According to Karlin Lillington, writing for the Irish Times, William Gibson will stop blogging when he starts writing his next novel. It sounds as though he needs privacy in order to write:
"I do know from doing it that it's not something I can do when I'm actually working. Somehow the ecology of writing novels wouldn't be able to exist if I'm in daily contact. If I expose things that interest or obsess me as I go along, there'd be no need to write the book. The sinews of narrative would never grow."
or, as he writes himself in his blog:
But, definitely, the ecology of novelization and the ecology of blogging couldn't coexist, for me. It would be like trying to boil water without a lid. Or, more like it, trying to run a steam engine without a lid. (I wonder if that would be the case for a native of the blogosphere -- for whom, as Lou Reed once said of heroin addicts, "the needle is a toothbrush"? Maybe not.)

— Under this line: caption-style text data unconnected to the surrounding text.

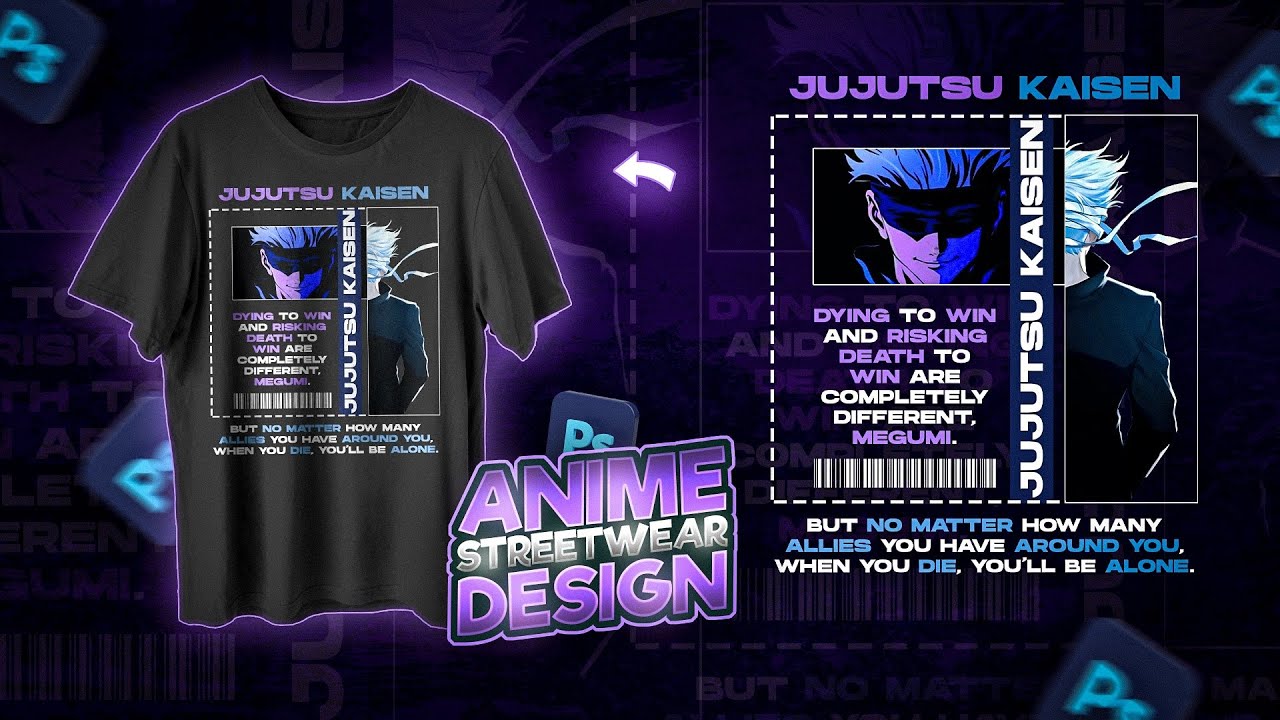 Anime T-Shirt Design Tutorial || How to Design Anime Shirt in Photoshop || Anime Streetwear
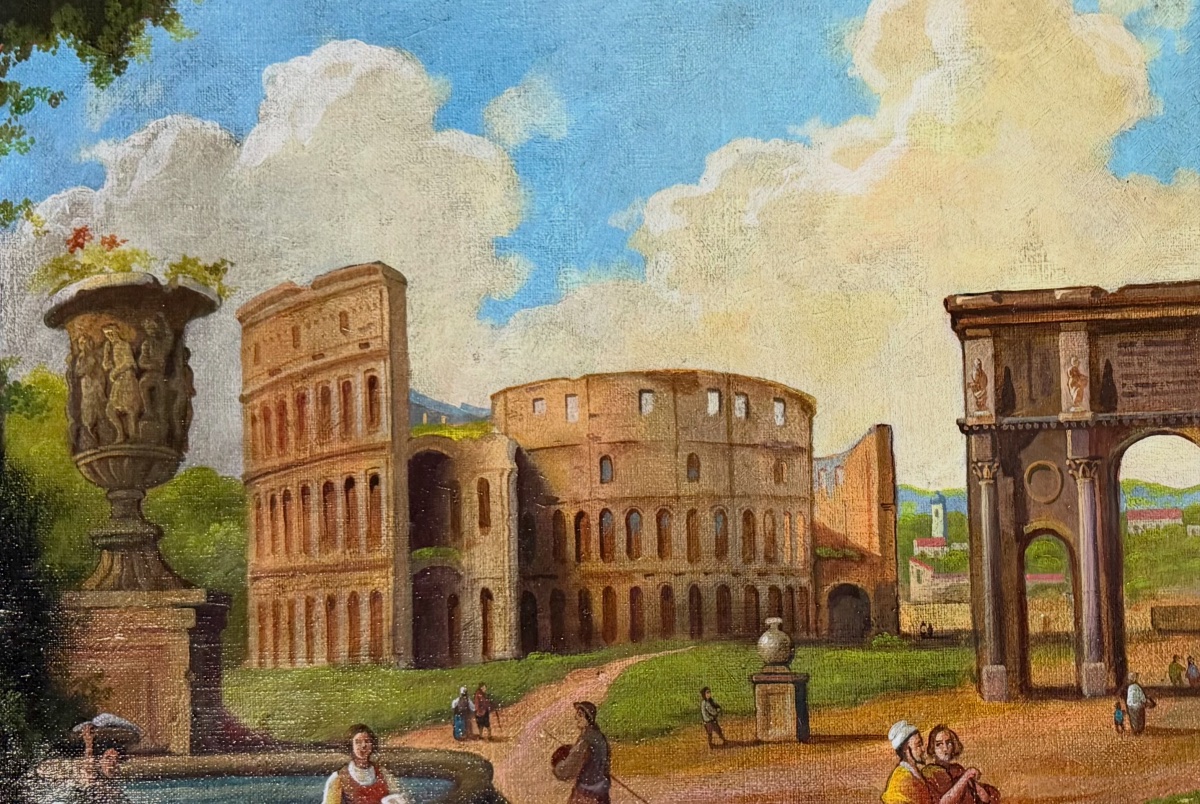 “the Forum,” A Naïve And Romantic Vision Of Roman Ruins, Italy, 19th Century 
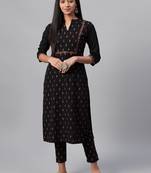 Black printed crepe kurtas-and-kurtis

This is pretty much the opposite view to Steven Johnson's statement that he's been twice as productive in his other writing since he started blogging. But as I understand what Gibson says, for him the incompatibility of book-writing and blogging isn't that blogging takes time but that it's too public. Or too open, perhaps. He sounds rather like the individualist romantic genius who needs isolation to create great art, while the blogging ethos demands openness and social sharing of the process. I wonder if these opposed strategies are clichés, beliefs or just a sign of different personality types? I think I'm a native of the blogsphere - though I'm not sure about the toothbrush thing.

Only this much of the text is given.